3D-Struktur des entscheidenden Proteins entschlüsselt
Zuvor hatte die Gruppe von Prof. Mizuki Takenaka die DYW-Domäne in Bakterien herstellen können. Takenaka forscht seit 2018 an der Universität Kyoto und hat davor im Labor von Axel Brennicke in Ulm gearbeitet. Tatiana Barthel (Universität Greifswald und jetzt HZB) konnte daraufhin erste Proteinkristalle der DYW-Domäne züchten. Eine große Anzahl dieser Kristalle wurde nun an den MX-Beamlines von BESSY II analysiert, so dass die dreidimensionale Architektur der DYW-Domäne entschlüsselt werden konnte. „Dank der gemeinsamen Forschungsgruppe haben wir die Möglichkeit, jederzeit sehr schnell Strahlzeit für Messungen zur Verfügung zu stellen, das war entscheidend", sagt Dr. Manfred Weiss, der für die MX-Beamlines von BESSY II verantwortlich und Co-Autor der Studie ist.
Architektur liefert den Hinweis
Tatsächlich lieferte diese dreidimensionale Architektur den entscheidenden Hinweis auf den Mechanismus der Aktivierung der DYW-Domäne, der für alle Pflanzen gilt. Denn im Zentrum der DYW-Domäne sitzt ein Zink-Atom, das wie ein Katalysator die Cytidin-Desaminierung zu Uridin beschleunigen kann. Dafür muss das Zink jedoch optimal positioniert werden. Die Rolle des Schalters spielt dabei eine sehr ungewöhnliche „Gating-Domäne“ in unmittelbarer Nähe des katalytischen Zentrums. Die Strukturanalyse zeigt, dass diese Gating- Domäne zwei unterschiedliche Positionen einnehmen kann, wodurch sie das Enzym ein- oder ausschaltet. „Die Bewegung der Gating-Domäne reguliert, inwieweit das Zink-Ion für die katalytische Reaktion zur Verfügung steht", erklärt Weber.
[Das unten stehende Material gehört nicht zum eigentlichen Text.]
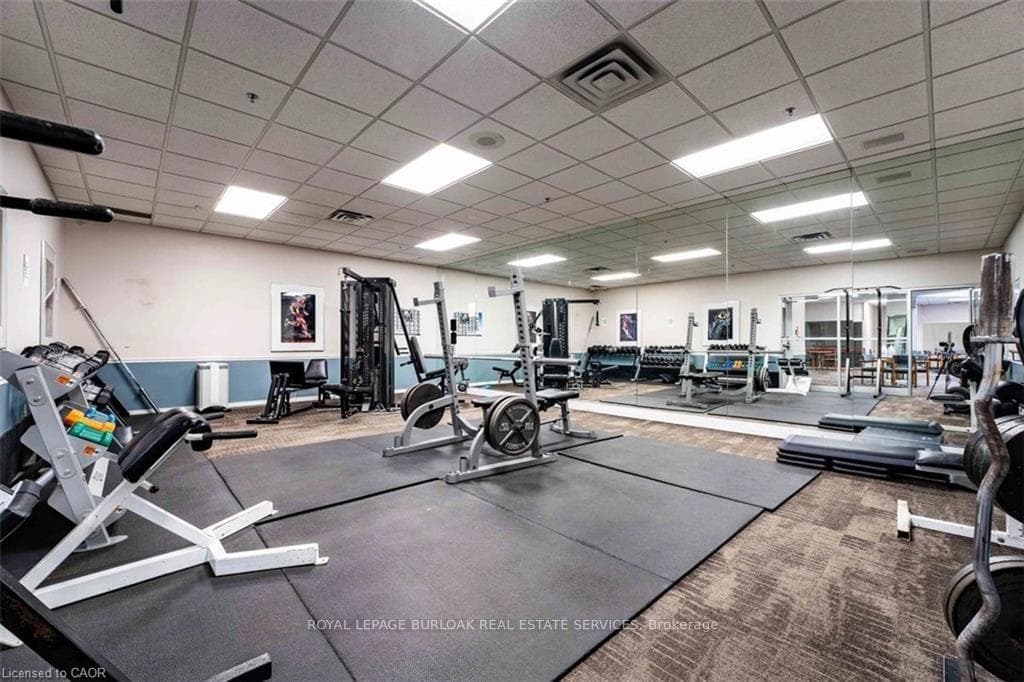 809- 1276 Maple Crossing Boulevard — property photo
Rätsel der Aktivierung gelöst
Nun wird klar, warum es bisher schwierig war, PPR-Proteine vom DYW-Typ mit RNA im Reagenzglas reagieren zu lassen: Diese PPR-Proteine sind inaktiv und benötigen eine Aktivierung. In den Zellen werden sie zunächst im Zellkern produziert und dann höchstwahrscheinlich in einem stummen Zustand an ihren Wirkort geschickt. "Das ist perfekt, denn sonst würden diese Moleküle schon unterwegs "arbeiten" und verschiedene RNAs unkontrolliert verändern, was schädlich für die Zelle wäre", sagt Weber.
Werkzeug für Reparaturen aller Art
Für die Molekularbiologie der Pflanzen ist diese Arbeit ein Durchbruch, denn sie beschreibt eine weitere Ebene der ausgeklügelten Regulation in Chloroplasten und Mitochondrien.
Die Ergebnisse sind einerseits grundlegend für die Pflanzenwissenschaften, könnten aber auch eines Tages in unserem täglichen Leben eine Rolle spielen. Die DYW-Domäne würde ein nützliches Werkzeug für kontrollierbare und ortsspezifische C-zu-U- und U-zu-C-RNA-Editierung bieten. Dies könnte sowohl biotechnologische als auch medizinische Anwendungen ermöglichen, zum Beispiel bestimmte Gene neu zu kodieren, ohne die DNA zu verändern.